WHAT YOU NEED TO DO: Copy nothing but the lines below, from the one with "O que é o Bonsai? – Terceira Dimensão 2338" through the one with "Horse Color:Cremello Ice", exactly as written; no pictures should appear.

[Caption-style text data]
########################################

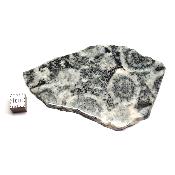 Diorite Orbiculaire Plaque 0115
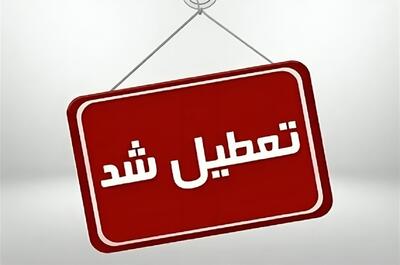 تعطیلی کامل مقاطع تحصیلی در بندرعباس برای فردا (فیلم)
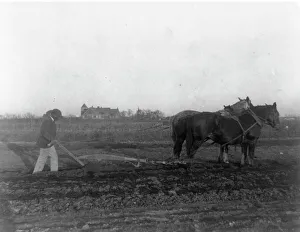 Verbesserter Pflugmethoden, (1899?). Erfinderin : Frances Benjamin Johnston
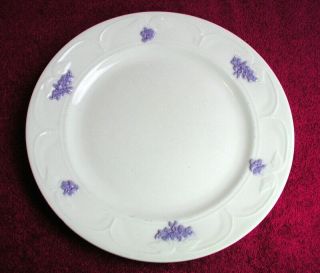 Adderley (chelsea Smooth Embossed) 8 5/8 " Luncheon Plate (s) Guc (5 Avail)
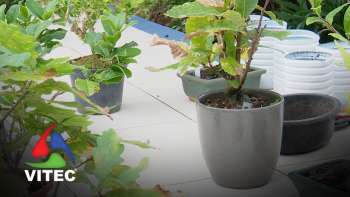 O que é o Bonsai? – Terceira Dimensão 2338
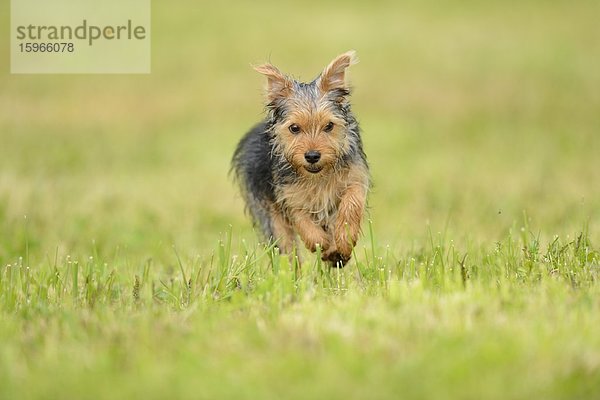 Yorkshireterrier-Welpe rennt auf einer Wiese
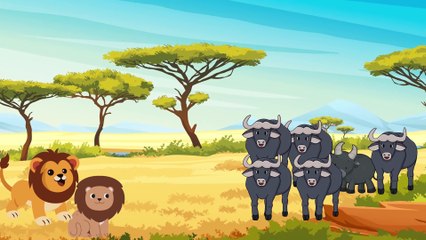 Lucky! Buffalo Trying Escape Attack by Lion and What Happen Next - Animal Fight   ATP Earth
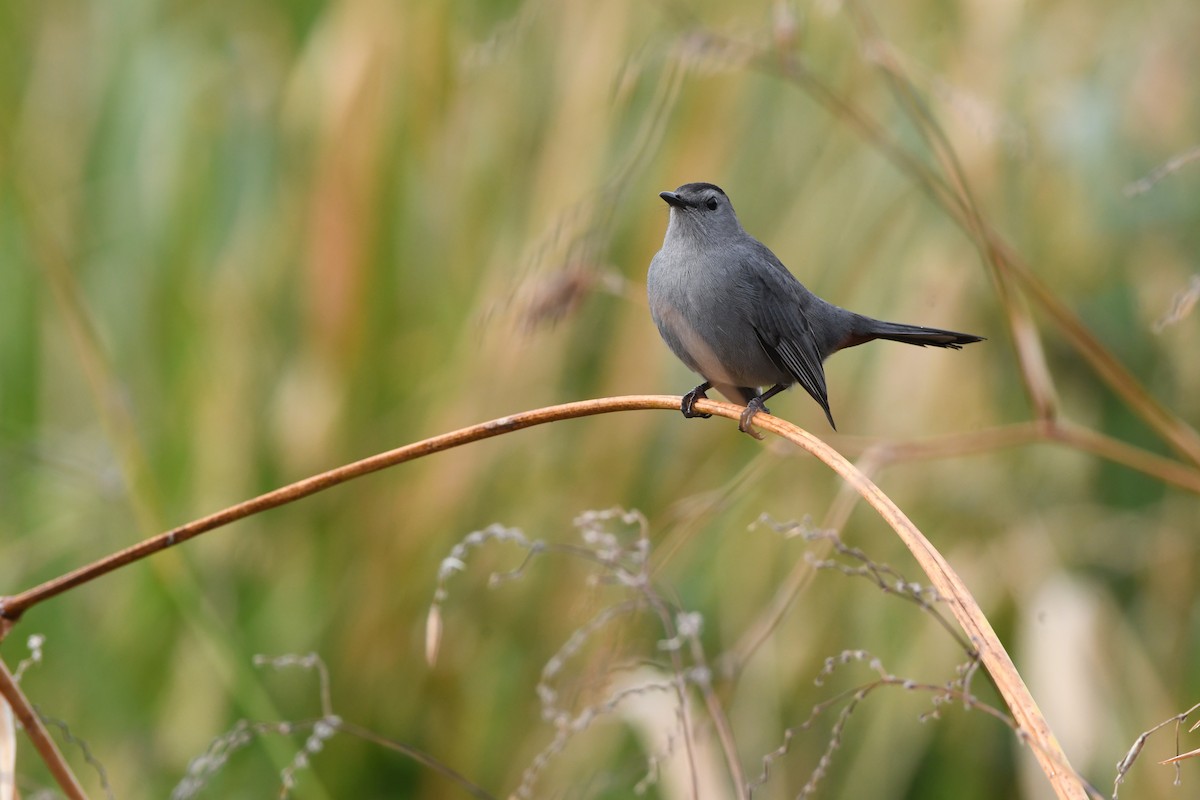 kattespottefugl - ML645924893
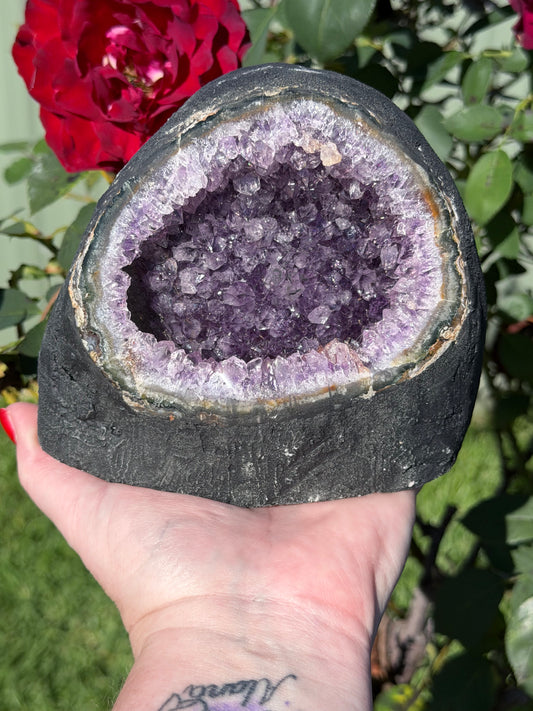 Large Brazilian Amethyst Druzy Cave Geode – 1.9kg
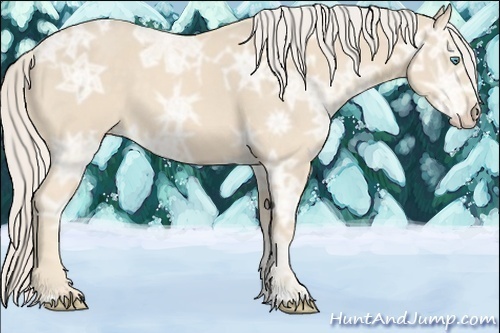 Horse Color:Cremello Ice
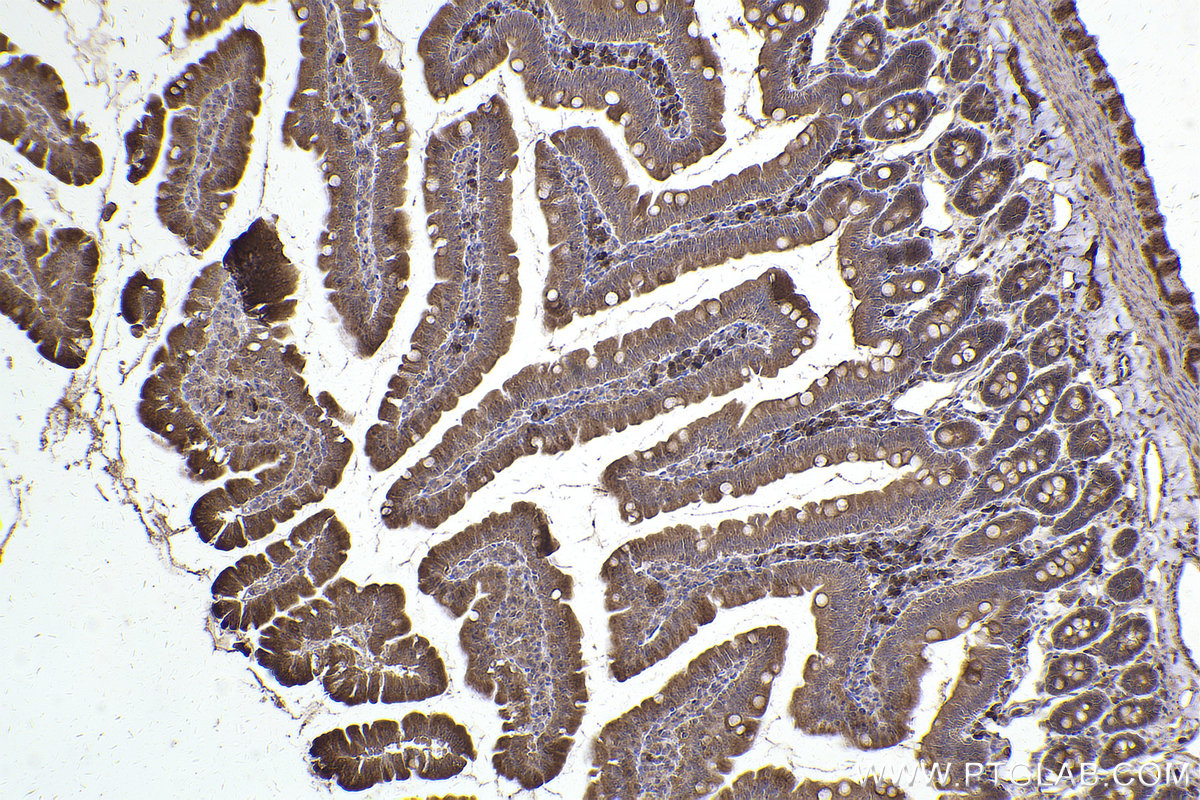 Immunohistochemical analysis of paraffin-embedded rat small intestine tissue slide using KHC2443 (TNFAIP1 IHC Kit).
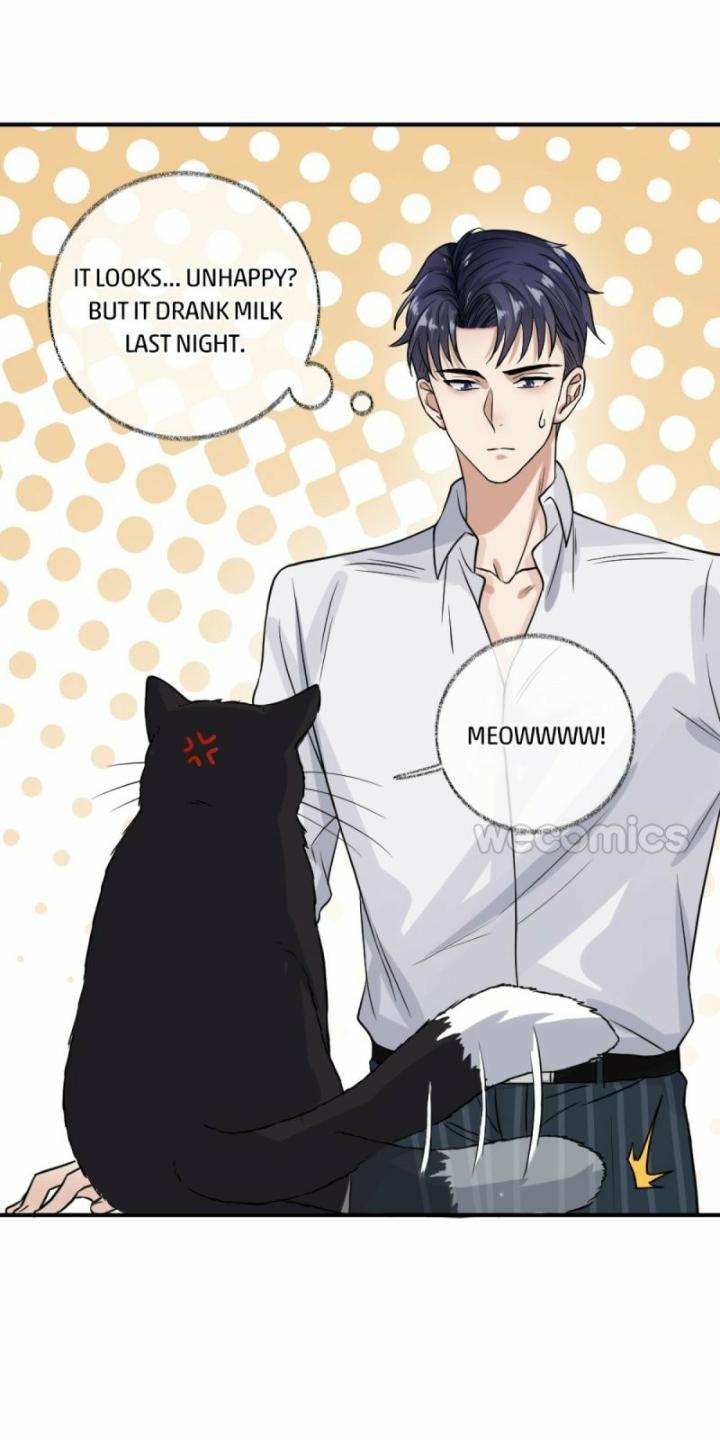 Read Pay Me Back, Mr. Cat chapter 9 image 6 on Lezhin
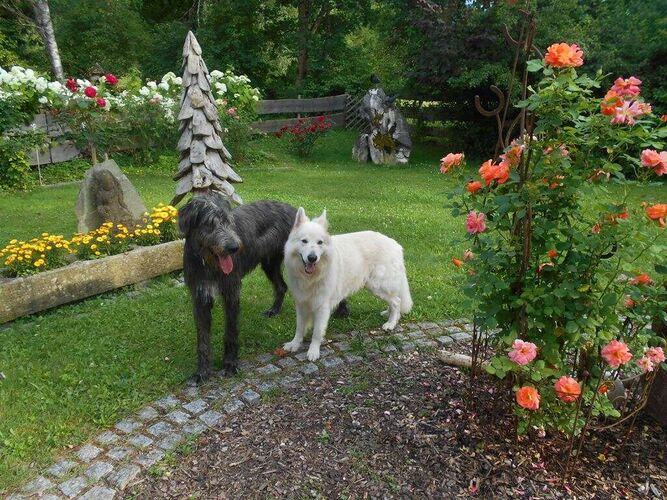 Schönster Garten 2024 - Helma aus Steyr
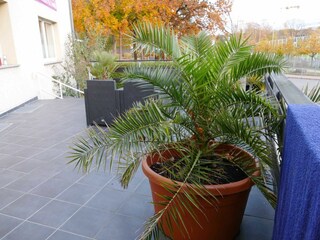 Gemeinschaftsterrasse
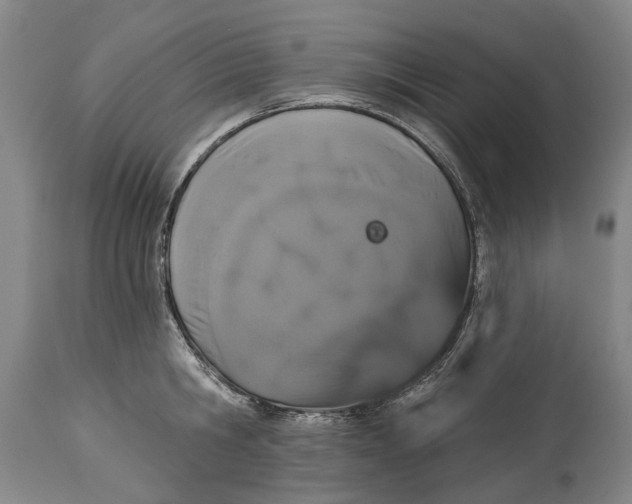 X0000115110806200911171304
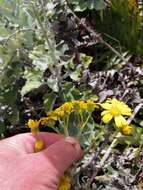 Image of Senecio verbascifolius Burm. fil.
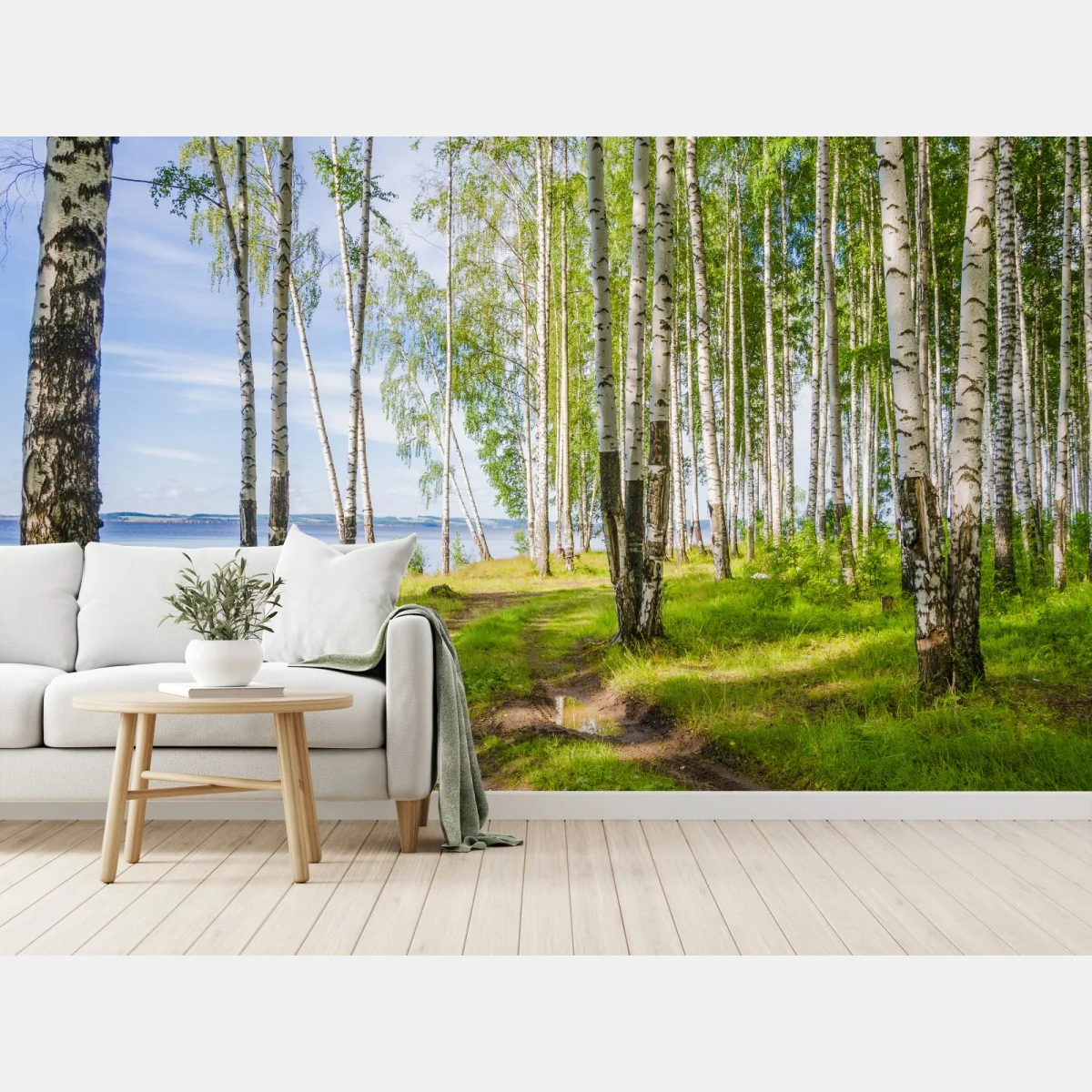 Fototapete sonnige birkenlichtung am wasser – Wallnifity® Fototapete sonnige birkenlichtung am wasser – Wallnifity®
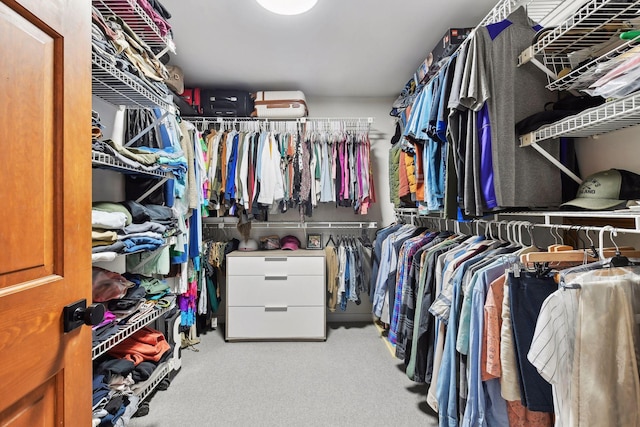 1611 Hill Ridge Ter, Minnetonka, MN 55305 - walk in closet featuring carpet floors
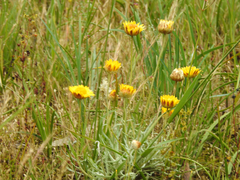 Leucochrysum albicans albicans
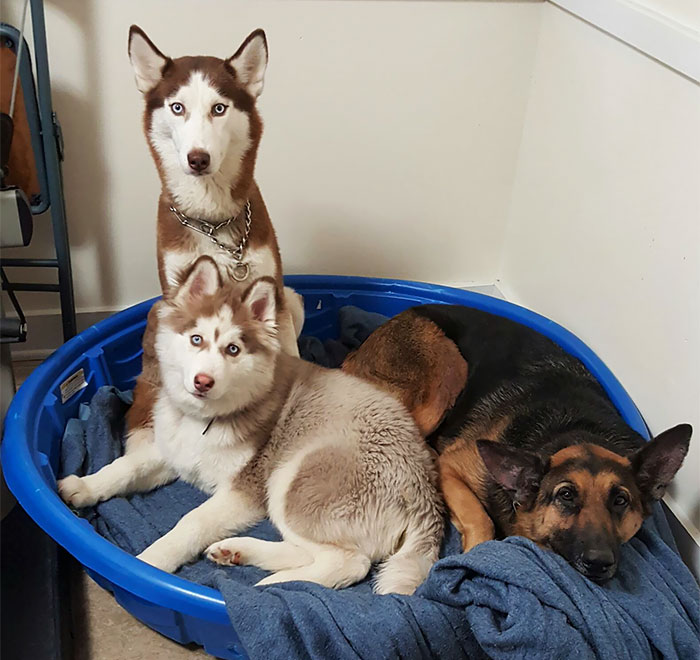 Como é viver com dois ou mais cachorros em casa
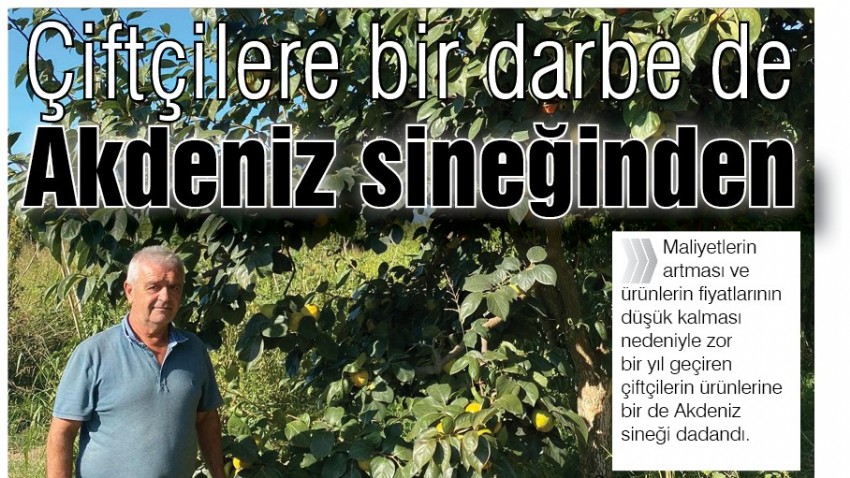 Çiftçilere bir darbe de Akdeniz sineğinden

########################################

WRITTEN SOLUTION:
 O que é o Bonsai? – Terceira Dimensão 2338
 Yorkshireterrier-Welpe rennt auf einer Wiese
 Lucky! Buffalo Trying Escape Attack by Lion and What Happen Next - Animal Fight   ATP Earth
 kattespottefugl - ML645924893
 Large Brazilian Amethyst Druzy Cave Geode – 1.9kg
 Horse Color:Cremello Ice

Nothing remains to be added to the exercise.